Quotes about Evils
It is one of the evils of democratical governments, that the people, not always seeing and frequently misled, must often feel before they can act.
- George Washington
The evils of popular government appear greater than they are; there is compensation for them in spirit and energy it awakens.
- Ralph Waldo Emerson
It is the nature of all greatness not to be exact; and great trade will always be attended with considerable abuses. The contraband will always keep pace in some measure with the fair trade. It should stand as a fundamental maxim, that no vulgar precaution ought to be employed in the cure of evils, which are closely connected with the cause of our prosperity.
- Edmund Burke
the evils against which we contend are frequently the fruits of illusions which are similar to our own.
- Reinhold Niebuhr
Perhaps there is no better illustration of the ethical impotency of the modern church than its failure to deal with the evils and ethical problems of stock manipulation. Millions in property values are created by pure legerdemain.
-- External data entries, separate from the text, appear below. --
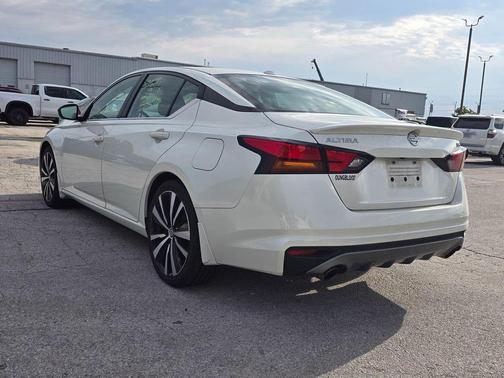 Pearl White Tricoat 2019 Nissan Altima 2.5 SR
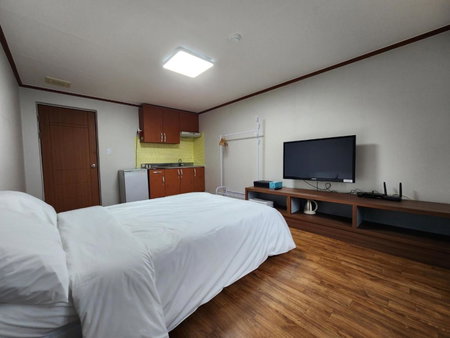 Sorak Y Hostel, Sokcho, South Korea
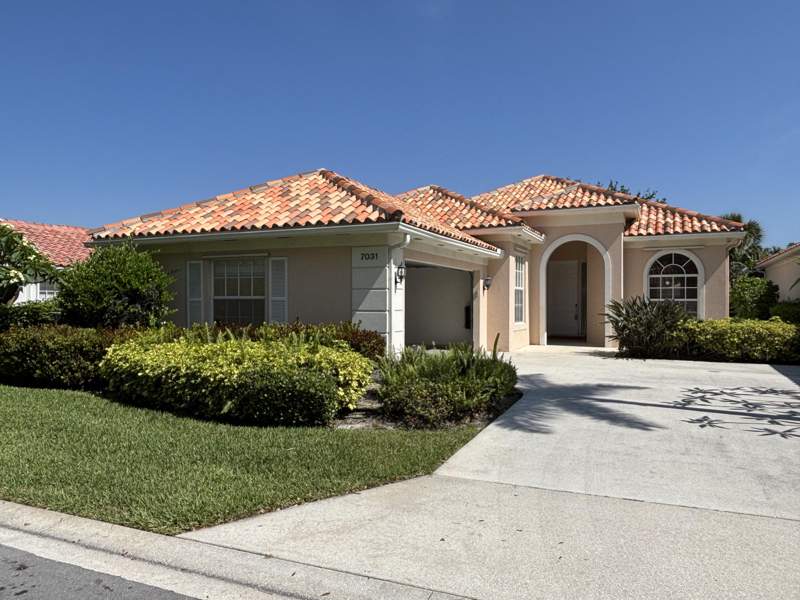 4 bedroom Single Family Residence at 7031 Fish Creek Lane, Riverwalk 2, West Palm Beach — photo 2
Stock dividends, watered stock and excessive rise in stock values, due to the productivity of the modern machine, are accepted by the church without murmur if only a slight return is made by the beneficiaries through church philanthropies [1927].
- Reinhold Niebuhr
For five hundred years, Christian teachers defined and redefined salvation almost entirely in individualistic terms, while well-disguised social evils—greed, pride, ambition, deceit, gluttony—moved to the highest levels of power and influence, even in our churches.
- Fr. Richard Rohr
There are no necessary evils in government. Its evils exist only in its abuses. If it would confine itself to equal protection, and, as Heaven does its rains, shower its favors alike on the high and the low, the rich and the poor, it would be an unqualified blessing.
- Andrew Jackson
There is one sweet lenitive at least for evils, which nature holds out; so I took it kindly at her hands, and fell asleep.
- Laurence Sterne
But pain is perfect misery, the worst of evils, and excessive, overturns all patience.
- John Milton
Shall I show you the sinews of a philosopher? What sinews are those? - A will undisappointed; evils avoided; powers daily exercised; careful resolutions; unerring decisions.
- Epictetus
Socrates was the first to call philosophy down from the heavens and to place it in cities, and even to introduce it into homes and compel it to inquire about life and standards and goods and evils.